What Effects Do Special Education Teachers Have on Students?
26 SEP 2017
Special education teachers work to ensure that all students have access to an appropriate education as required by law. The special education teacher can convey to the student how they can be the most successful and what avenues for success are available to them. They can encourage students, provide an understanding of the specific student disability and help the student develop personal strategies for success. Additionally, special education teachers have the opportunity to provide modified instruction and alternative assessments that align with specific disabilities.
1 Build Self-Confidence
An individualized education plan outlines a success plan for the special education student. With this plan in hand, the special education teacher is able to identify efforts and achievements of the student individually or in a small group. The accomplishments or advances in skill level are not viewed or discussed relative to regular education students. Therefore, the stage is set for students to gain confidence and expect more of themselves as they see their achievements applauded.
2 Assist Student in Developing Personal Coping Strategies
Special education teachers have a large knowledge base on a wide variety of disabilities and are able to facilitate the development of student strategies that will increase a chance for success. For instance, a student who has attention deficit disorder, or ADD, may need to sit in the front of the room so that all distractions are out of the line of vision. Or, the student might need to write all assignments down in a particular place and develop a routine for studying.
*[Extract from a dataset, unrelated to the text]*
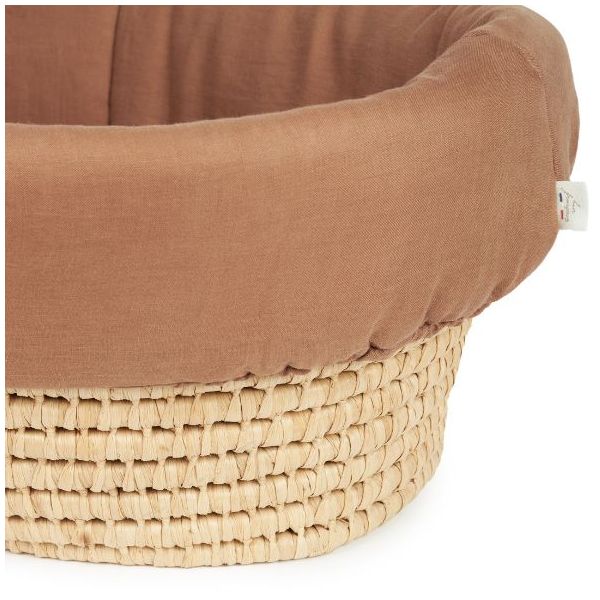 Parure pour couffin en palme - Lin Noisette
The special education teacher can teach these strategies and explain to the student how they will prove to be beneficial.
3 Provide Modified or Supplemental Instruction
Special education students benefit from instruction from a special education teacher because the teacher is equipped with the best strategies to teach specific disabilities. For the student who is learning disabled in reading, the special education teacher can implement instructional strategies that provide the greatest opportunity for success in reading or provide supplemental reading assistance. If the student is dyslexic, the special education math teacher is able to present the material in such a manner that it will be more easily understood by the student.
4 Provide Modified Assessments
Some special education students may not be able to provide evidence of competency, proficiency or even understanding without modified assessments. For instance, some special education student's reading levels prevent them from reading and comprehending test questions. It may be that the student has an intellectual grasp of social studies material, but they may not be able to read or comprehend the test questions. Taking the test orally will provide a more accurate indication of performance level. Modifying assessments by presenting alternative test formats has the potential to reveal a true indication of understanding.